In [13]:
import pandas as pd
import numpy as np
import os
import csv

def optimize_and_convert_dataset(input_csv_path, output_path=None):
    """
    Optimizes memory usage of a pandas DataFrame by downcasting numeric types
    and converting low-cardinality string columns to categories.
    Handles variable separators (;, \t, ,) automatically.
    """
    
    print(f"--- Starting optimization for: {input_csv_path} ---")
    
    if not os.path.exists(input_csv_path):
        print(f"ERROR: File not found at {input_csv_path}")
        return

    # 1. Load Data with Robust Settings
    print("Attempting to load CSV with auto-detection of separator...")
    try:
        # 'sep=None' forces python engine to sniff the delimiter
        # 'on_bad_lines' skips lines that are truly broken (and warns us)
        # 'encoding' handles special German characters (umlauts like ä, ö, ü)
        df = pd.read_csv(
            input_csv_path, 
            sep=None, 
            engine='python', 
            on_bad_lines='warn', 
            encoding='utf-8', # Try 'latin-1' if this fails
            low_memory=False
        )
        print(f"Load successful! Found {len(df)} rows and {len(df.columns)} columns.")
        
    except Exception as e:
        print(f"Critical Error loading CSV: {e}")
        # Fallback: Try reading strictly with semicolon if auto-detect fails
        print("Retrying with explicit semicolon separator...")
        try:
            df = pd.read_csv(input_csv_path, sep=';', on_bad_lines='skip', encoding='latin-1', low_memory=False)
            print(f"Retry successful! Found {len(df)} rows.")
        except Exception as e2:
             print(f"Retry failed: {e2}")
             return

    # Calculate initial memory usage
    start_mem = df.memory_usage().sum() / 1024**2
    print(f'Initial memory usage: {start_mem:.2f} MB')

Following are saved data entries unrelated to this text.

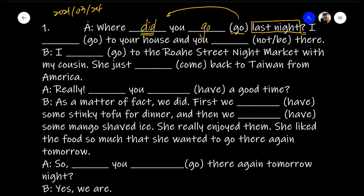And 'I [went] to your house and you [weren't] there.' Of course, everything happened last night. So I went to your house — the past tense of 'go' is 'went' — and you [need a] negative be-verb. Which past tense be-verb do we use with the pronoun 'you'? It's 'were.' So 'were' and 'not' together will be 'weren't.' And you weren't there.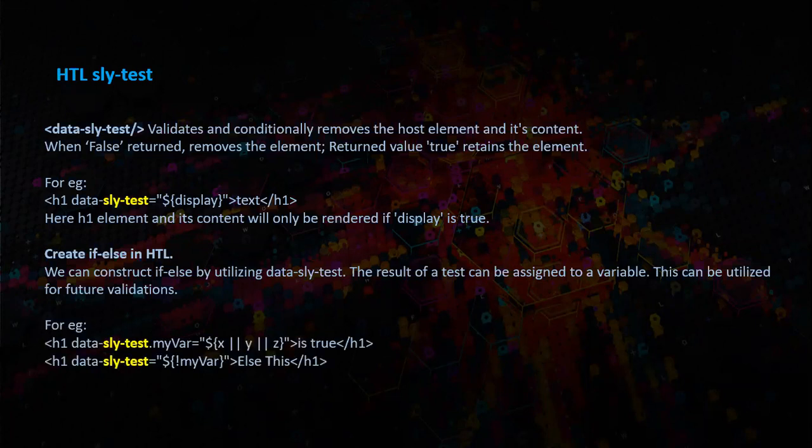In the first case, the condition checks for the value x or y or z, and let us say x is true. In this case, it prints the value of x is true.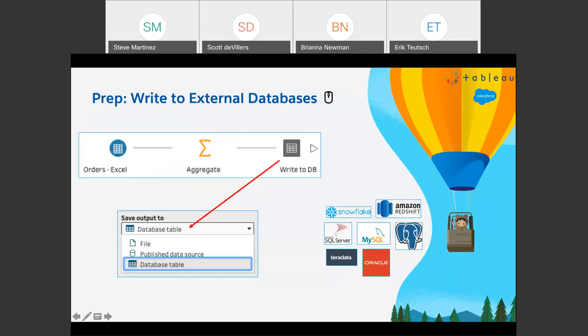Tableau Prep is a powerful tool for data mashing, and it's come a long way since we released it. Perhaps the number one requested feature for Prep was the ability to write back to external databases. We're starting with six core data sources — really powerful ones — and I would expect this list to grow over time. Hopefully this helps you right now and certainly off into the future.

    # 2. Iterate through columns to optimize types
    for col in df.columns:
        col_type = df[col].dtype

        # A. Optimize Numeric Columns
        if col_type != object:
            c_min = df[col].min()
            c_max = df[col].max()
            
            if str(col_type)[:3] == 'int':
                if c_min > np.iinfo(np.int8).min and c_max < np.iinfo(np.int8).max:
                    df[col] = df[col].astype(np.int8)
                elif c_min > np.iinfo(np.int16).min and c_max < np.iinfo(np.int16).max:
                    df[col] = df[col].astype(np.int16)
                elif c_min > np.iinfo(np.int32).min and c_max < np.iinfo(np.int32).max:
                    df[col] = df[col].astype(np.int32)
                elif c_min > np.iinfo(np.int64).min and c_max < np.iinfo(np.int64).max:
                    df[col] = df[col].astype(np.int64)  
            else:
                if c_min > np.finfo(np.float16).min and c_max < np.finfo(np.float16).max:
                    df[col] = df[col].astype(np.float32) 
                else:
                    df[col] = df[col].astype(np.float64)

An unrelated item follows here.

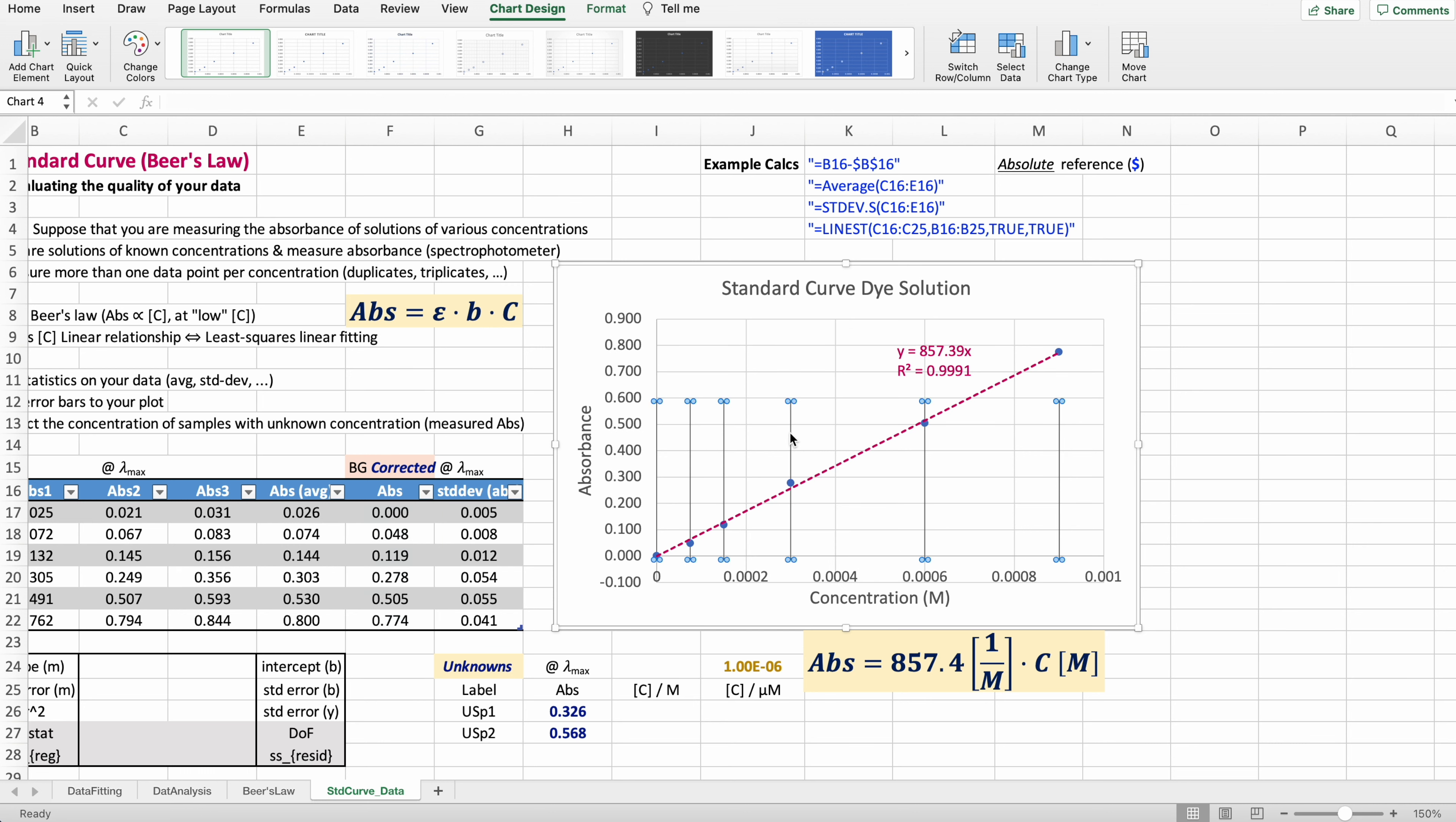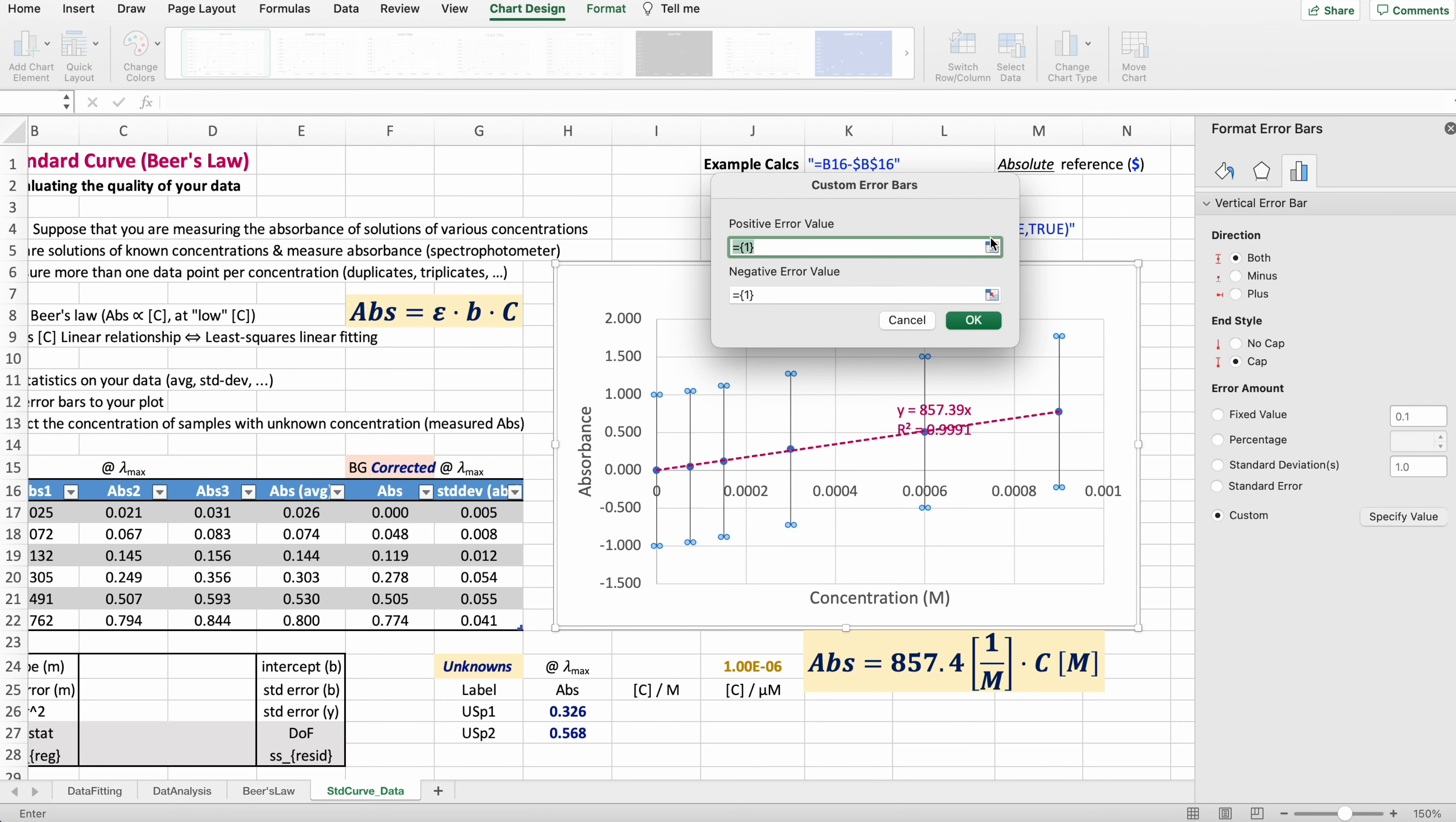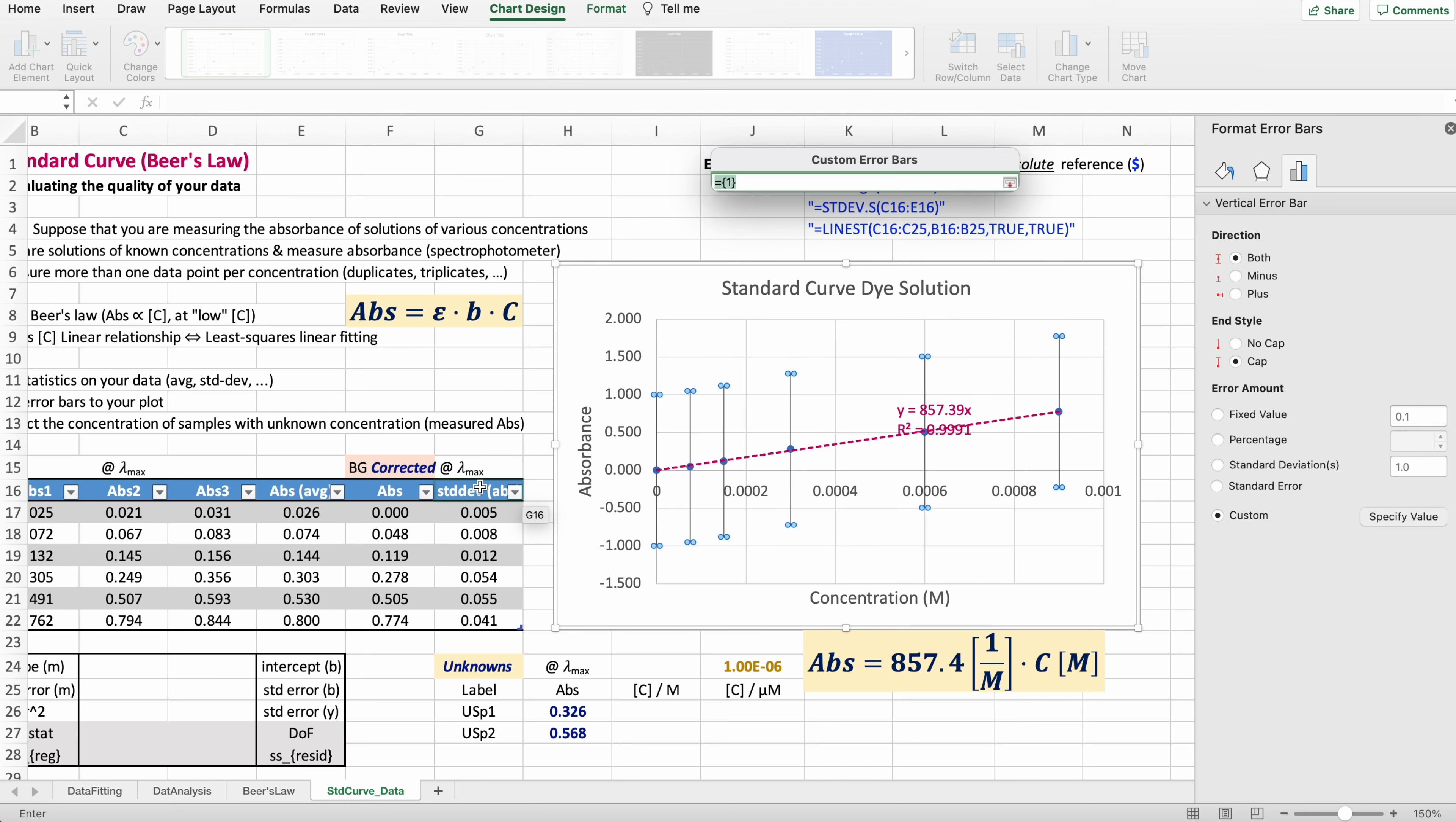Double click on that and for us, pick custom, specify value. For both above and below, select the standard deviation for both of them.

        # B. Optimize Object (String) Columns
        else:
            num_unique = len(df[col].unique())
            num_total = len(df[col])
            
            # If unique values are less than 50% of total rows, convert to category
            if num_unique / num_total < 0.5:
                df[col] = df[col].astype('category')

    # Calculate final memory usage
    end_mem = df.memory_usage().sum() / 1024**2
    print(f'Optimized memory usage: {end_mem:.2f} MB')
    print(f'Reduction: {100 * (start_mem - end_mem) / start_mem:.1f}%')

    # 3. Save to Parquet
    if output_path is None:
        output_path = input_csv_path.replace('.csv', '.parquet')
        
    print(f"Saving optimized data to: {output_path}...")
    try:
        df.to_parquet(output_path, engine='pyarrow', compression='snappy')
        print("Success! File saved.")
    except Exception as e:
        print(f"Error saving to Parquet: {e}")

# Get the current working directory of this notebook
current_dir = os.getcwd()

# REPLACE 'Dataset_Berlin_Marathon_1999-2025_original.csv' WITH YOUR ACTUAL FILENAME
filename = 'Dataset_Berlin_Marathon_1999-2025_original.csv' 

# Create the full absolute path safely
input_path = os.path.join(current_dir, filename)

# Run the optimization
optimize_and_convert_dataset(input_path)

--- Starting optimization for: C:\Users\netos\Downloads\Berlin\Dataset_Berlin_Marathon_1999-2025_original.csv ---
Attempting to load CSV with auto-detection of separator...
Critical Error loading CSV: The 'low_memory' option is not supported with the 'python' engine
Retrying with explicit semicolon separator...
Retry successful! Found 880779 rows.
Initial memory usage: 107.52 MB
Optimized memory usage: 40.31 MB
Reduction: 62.5%
Saving optimized data to: C:\Users\netos\Downloads\Berlin\Dataset_Berlin_Marathon_1999-2025_original.parquet...
Success! File saved.